Resultados da literatura (Zhang et al., 1992; Chen et al., 1997; Chen et al., 1998; Chen et al., 1999; Chen et al., 1999; Yang et al., 2005) mostram que a redução voltamétrica de artemisinina é significativamente alterada na presença de hemina, a partir do estabelecimento de um processo eletrocatalítico.
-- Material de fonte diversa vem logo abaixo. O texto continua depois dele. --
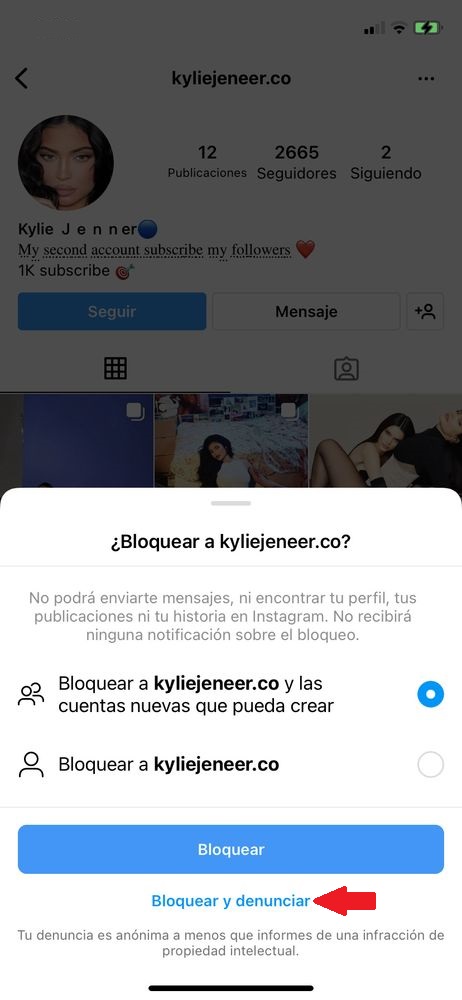 bloquear denunciar un perfil falso en Instagram paso 3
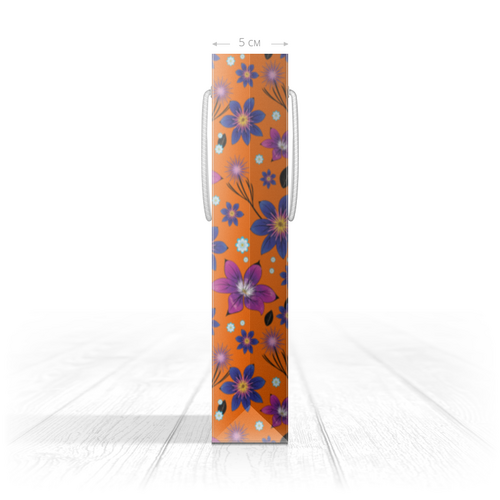 Заказать пакет в Москве. Пакет 15.5x22x5 см цветочный паттерн на оранжевом фоне от ELENA ZHARINOVA - готовые дизайны и нанесение принтов.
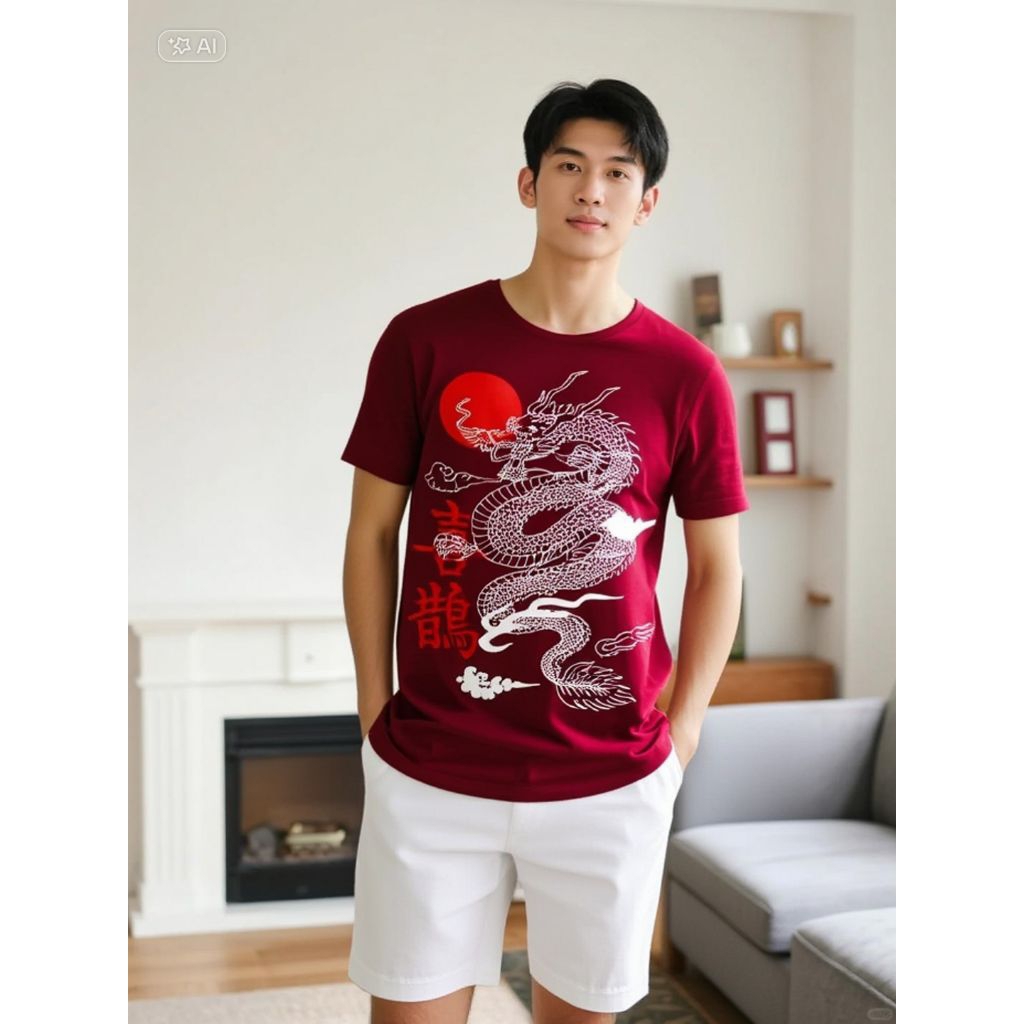 KAOS KEREN DISTRO NAGA BULAN KEREN SABLON DIGITAL PRINTING JUMBO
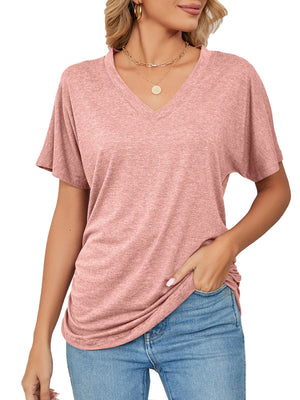 Pink relaxed V-neck short sleeve t-shirt with draping detail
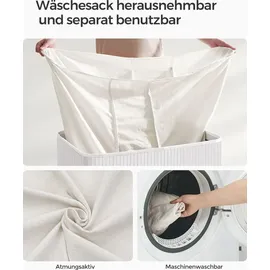 Songmics Wäschekorb mit Deckel 150L weiß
Assim, é possível observar a formação de um pico de redução com potencial menos negativo do que aquele registrado na redução voltamétrica do fármaco e a este resultado atribuiu-se ao processo eletrocatalítico da artemisinina na presença de hemina, envolvendo uma antecipação de potencial que pode atingir a diferença de mais de 600 mV utilizando-se eletrodo de carbono vítreo como eletrodo de trabalho. Vale ressaltar que ao se efetuar uma adição de padrão, este novo sinal de corrente obtido também é sensível à concentração de artemisinina. Em contraste, o pico de redução não-catalítico do fármaco decresce em sua altura, podendo desaparecer completamente, à medida que se aumenta a concentração de hemina em solução (Zhang et al., 1992; Chen et al., 1997).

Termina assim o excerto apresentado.